Occasionally,this little girl inside me will scream,asking why people couldn't just accept me for who I am.Everyone is flawed,but I can bear each and every single one of em.Why couldn't they?I might be loud,harsh,emotional and even irrelevant but I would be the first person to be by their sides if they need a shoulder to cry on,or a hand to help,or simply a pair of ears to listen. I treasure them very much.

But that's life.Or maybe that's MY life. He pulled out unworthy people to only let the precious stay.




Tuesday 28 July 2015

The Sorrow Poem

Hearts is not trophies
Even you best shots couldn't guarantee you
Even if you're at the peak of sincerity
The fog could be so thick they won't notice you

I guess I'm at a different planet,living
The gravity is too strong I constantly falling
The air is really thick I'm suffocating
The water here is salty as my tears enriching

Lord,
This cotton candy inside my chest
Shall be turned into a diamond
As it is hard it will scratch anything that attempts to hurt me
As it is priceless only a few will deserve it

Sunday 26 July 2015

Blank Walls

I'm staring at the blank walls at midnight
My pools of sorrow are vacant they overflow
Now they resembles a projector
Screening our memories back-to back
The waltz at the balcony,how we used to enjoy our macaroni
How you cajoled me with a pluck of rose and squeeze my nose
I'm a total mess but you effortlessly made me feel blessed
You promised you would stay until our hairs turn gray
"Screw the world because my world revolves around you"

You lied
You left
It's too early for your peaceful eternal sleep
It's too early for me to be half-dead
Here I am now,a zombie
Doing nothing but staring at the blank walls at midnight

Of Books and Ringgit

Peace be upon you,people :)

I woke up with a toughest decision I've ever made: to sell my books.

I'm a bibliophile,I love books so much I'm struggling to buy a book,or books I shall say every time I go to bookstores.
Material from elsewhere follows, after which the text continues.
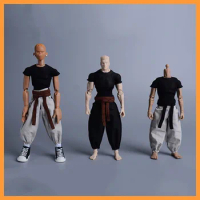1/12 Male Soldier Japanese Role Samurai Training Uniform Tight T-shirt Lantern Pants with Belt For 6'' Romankey Action Figures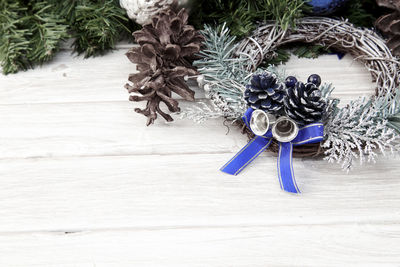 Close-up of christmas ornaments on table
Kinokuniya could drive me nuts as I've too little penny in my pocket yet a vast collection of books there is seducing me to grab them. Even my relatives call me a total nerd,while they're talking about manicure pedicure,Instafamous and stuff,I couldn't really blend in so same thing happened to them when they see me with a book in my hand. During my sem breaks,books are going to be one of the reason why my luggage are extra heavy.Baju tak banyak buku sampai 5 6 bawa balik.I enjoyed bookstores more than boutiques that's how lame and plain I could be.

I love my books man,I really do. But things have been rough lately...so many things to buy with so little amount of money

Need
- repair my laptop and phone screen
- a blazer for debate
- buying stuff for new session in uni

Want
- Lang Leav's books
- I swear thre's more but I couldn't recall them huhu nyanyuk

To gain something I have to lose something. By that to buy some important stuff I have to sacrifice some of my books. Anything to help my parents,helping myself.

Moga Allah datangkan barakah atas nawaitu aku. Semoga.

Saturday 25 July 2015

Aye people I'm back!

Peace be upon you,you and you.

Last time I checked the last time I blogged was in early 2013. Fuu,quite years already eh.

I still consider myself a newbie here,and my posts will be bilingual so I can be a hipster for speaking in English without abandoning my own mother tongue (damn I can't move on from Informasi Malaya sheesh)

So that's all for the first post,goodnight!